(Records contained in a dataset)
+ + +

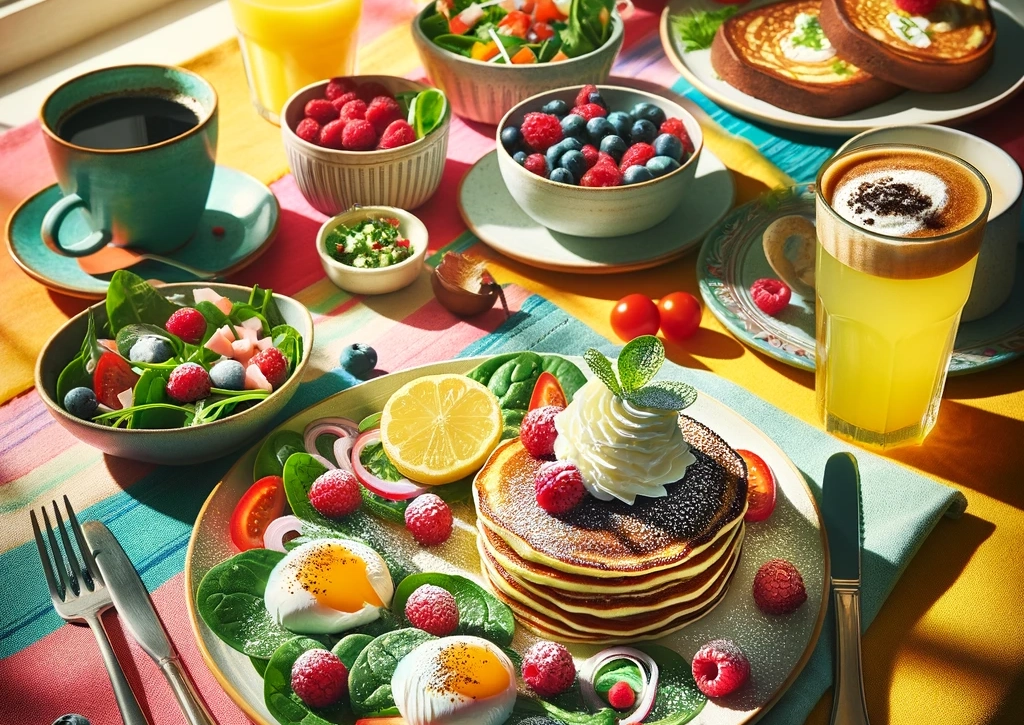 Breakfast for Dinner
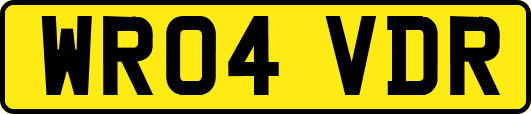WR04VDR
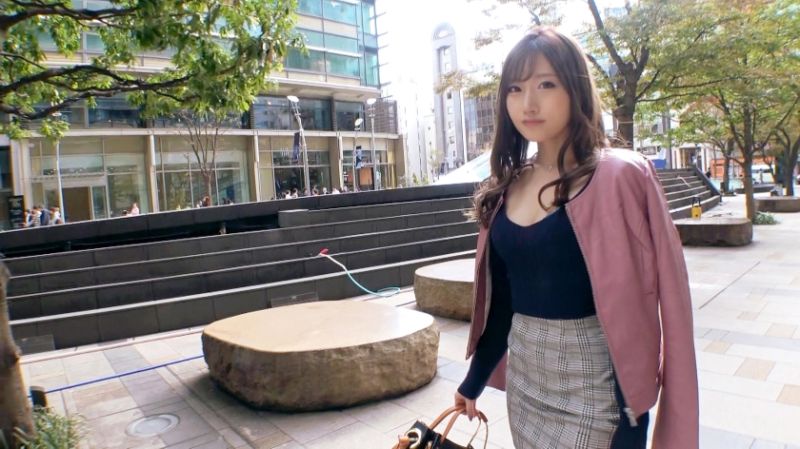 261ARA-346 誠徵正妹TV 朱莉 21歳 美容店員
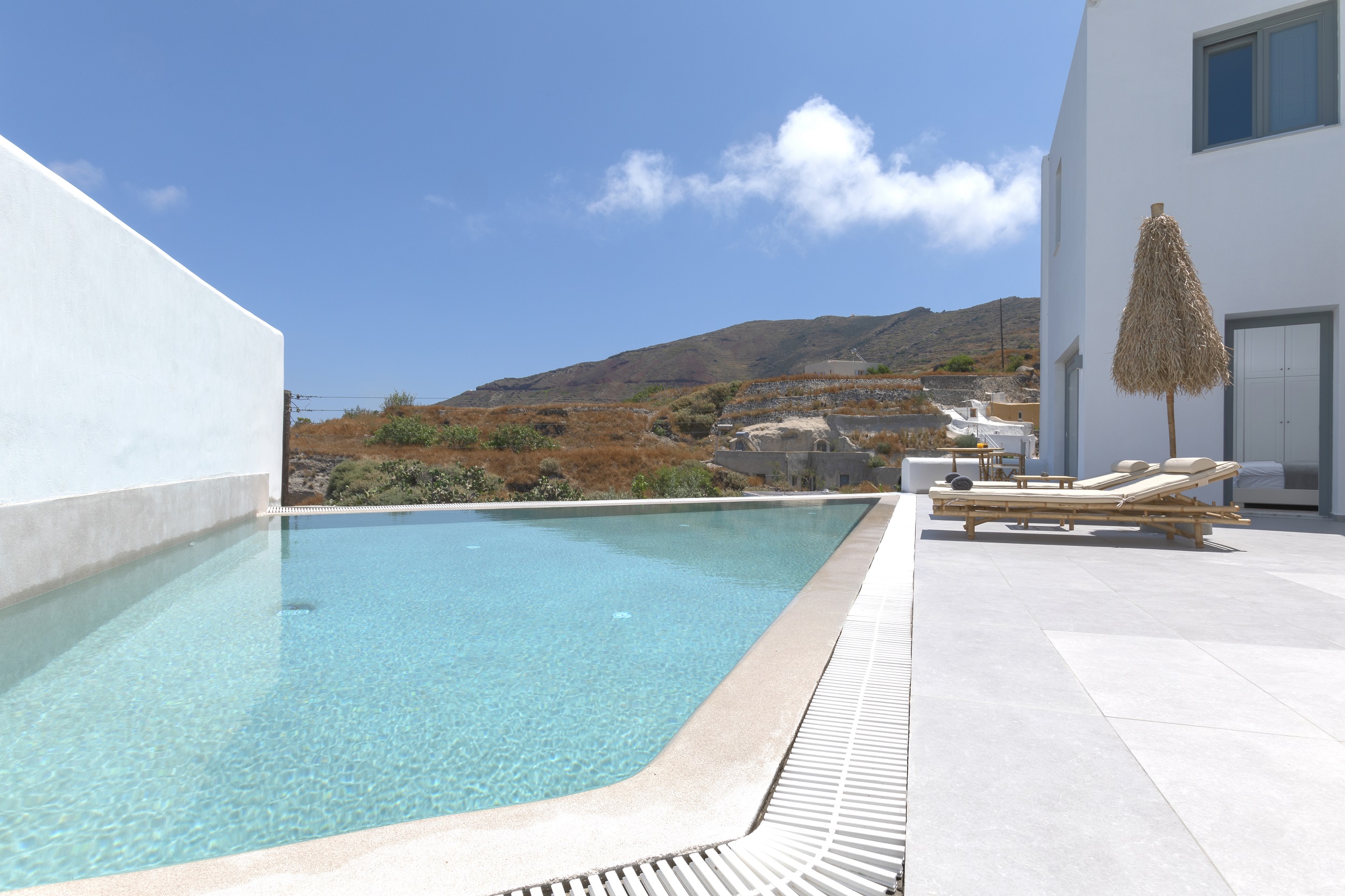 Room with Private Pool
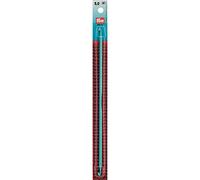 Prym Tunisian Crochet Hook, Aluminum, Turquoise, 5 mm, 195286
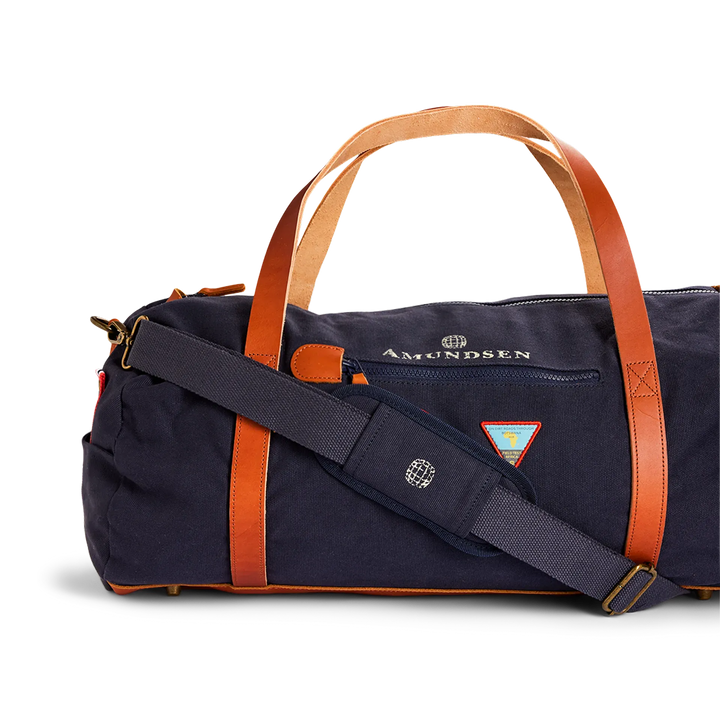 35L Okavanga Duffel | Navy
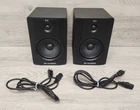 M-audio BX5 D2 Powered Pair Monitor Speakers Tested Working Read Used. Price: $99.99.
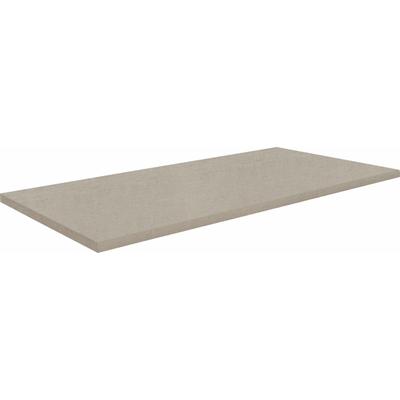 Einlegeboden RAUCH "Rauch Stauraum-Erweiterung für Drehtürenschränke", beige (leinenoptik hell), B:98cm H:2,2cm T:50cm, Holzwerkstoff, Einlegeböden, Mehr Platz im Kleiderschrank: 98 cm Einlegeboden von Rauch Image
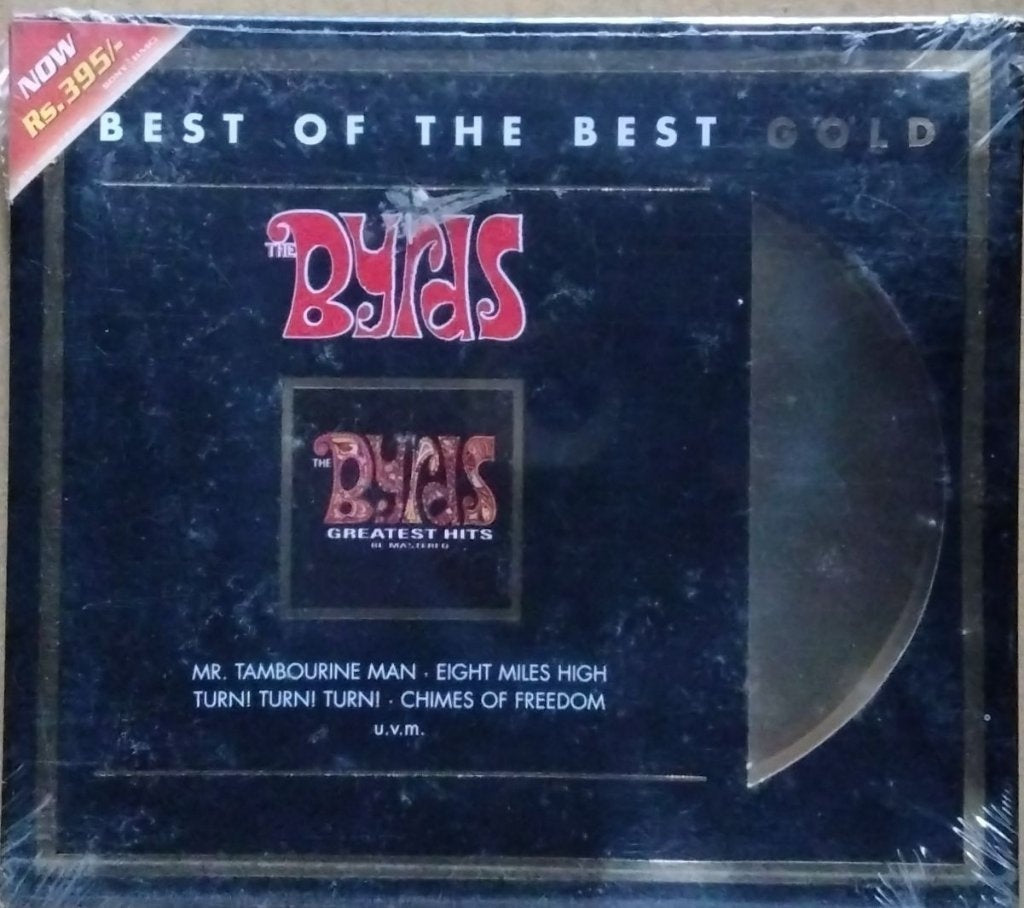 The Byrds - Best of the Best Gold (CD)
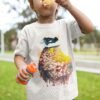 Reeves's Pheasant art T-shirt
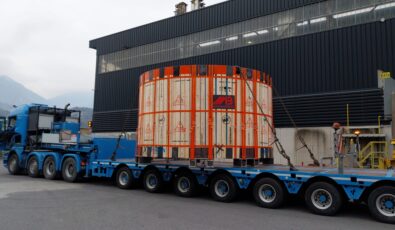 OPG has worked to secure long-lead items for its SMR project, including the reactor pressure vessel.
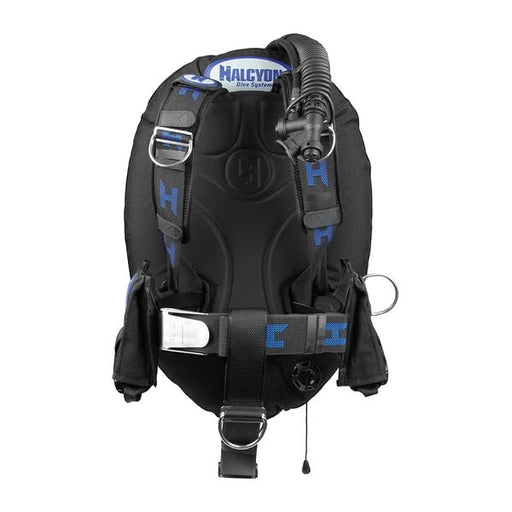 Halcyon Infinity BC With ACB Pockets (Side Pockets) - divecampus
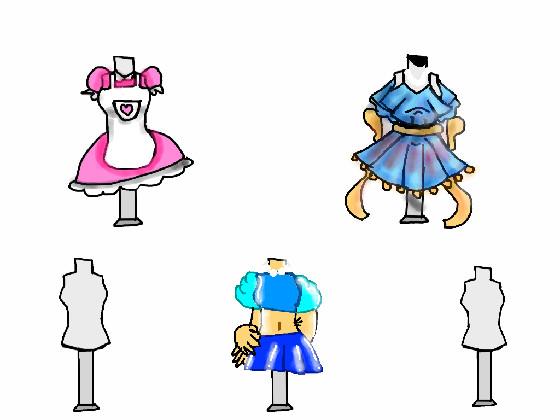 re:Draw ur Dress! 1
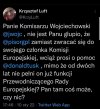 Ciągle się czepiają Tuska 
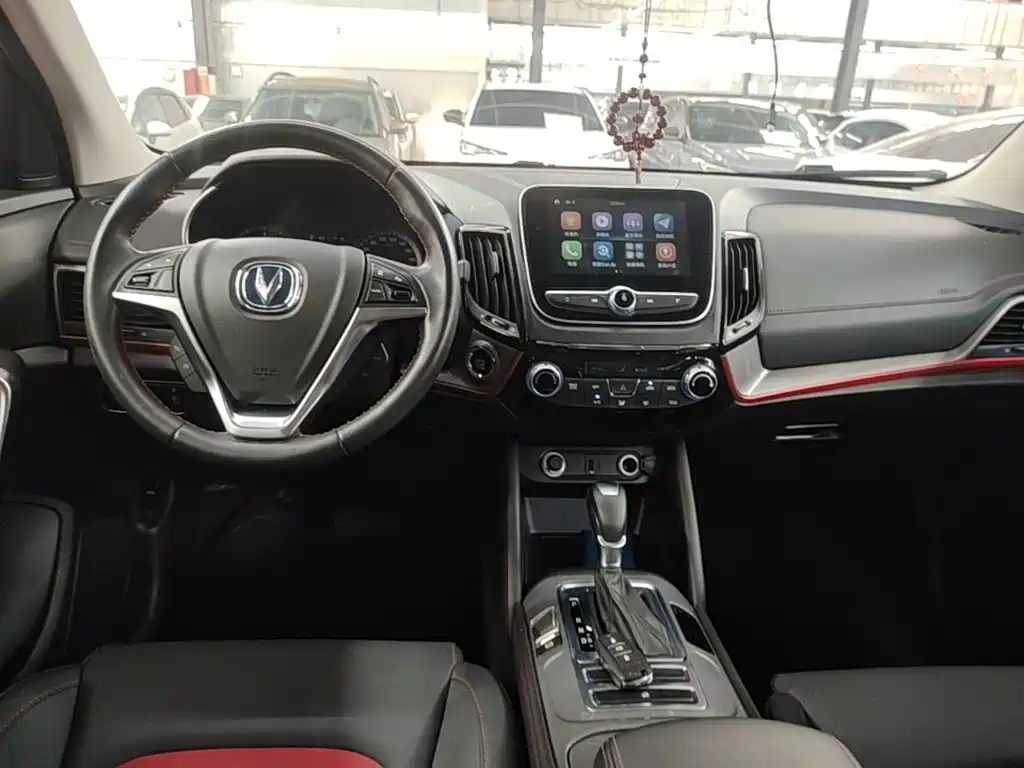 Changan CS55 — миниатюра 10
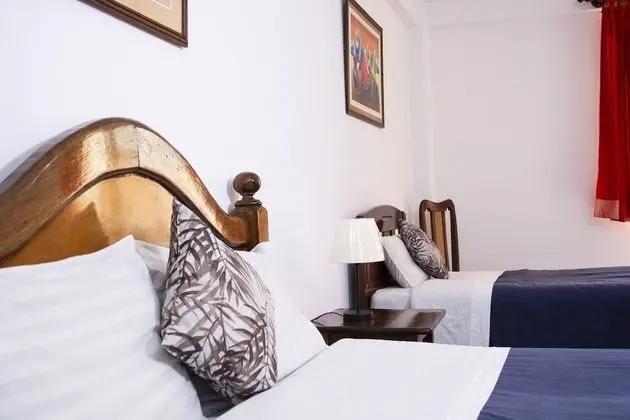 Deluxe İki Ayrı Yataklı Oda, 1 Yatak Odası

+ + +

### [Prompt]
Word for word, set down each record shown above, omitting the pictures.

### [Written solution]
 Breakfast for Dinner
WR04VDR
 261ARA-346 誠徵正妹TV 朱莉 21歳 美容店員
 Room with Private Pool
 Prym Tunisian Crochet Hook, Aluminum, Turquoise, 5 mm, 195286
 35L Okavanga Duffel | Navy
 M-audio BX5 D2 Powered Pair Monitor Speakers Tested Working Read Used. Price: $99.99.
 Einlegeboden RAUCH "Rauch Stauraum-Erweiterung für Drehtürenschränke", beige (leinenoptik hell), B:98cm H:2,2cm T:50cm, Holzwerkstoff, Einlegeböden, Mehr Platz im Kleiderschrank: 98 cm Einlegeboden von Rauch Image
 The Byrds - Best of the Best Gold (CD)
 Reeves's Pheasant art T-shirt
 OPG has worked to secure long-lead items for its SMR project, including the reactor pressure vessel.
 Halcyon Infinity BC With ACB Pockets (Side Pockets) - divecampus
 re:Draw ur Dress! 1
 Ciągle się czepiają Tuska 
 Changan CS55 — миниатюра 10
 Deluxe İki Ayrı Yataklı Oda, 1 Yatak Odası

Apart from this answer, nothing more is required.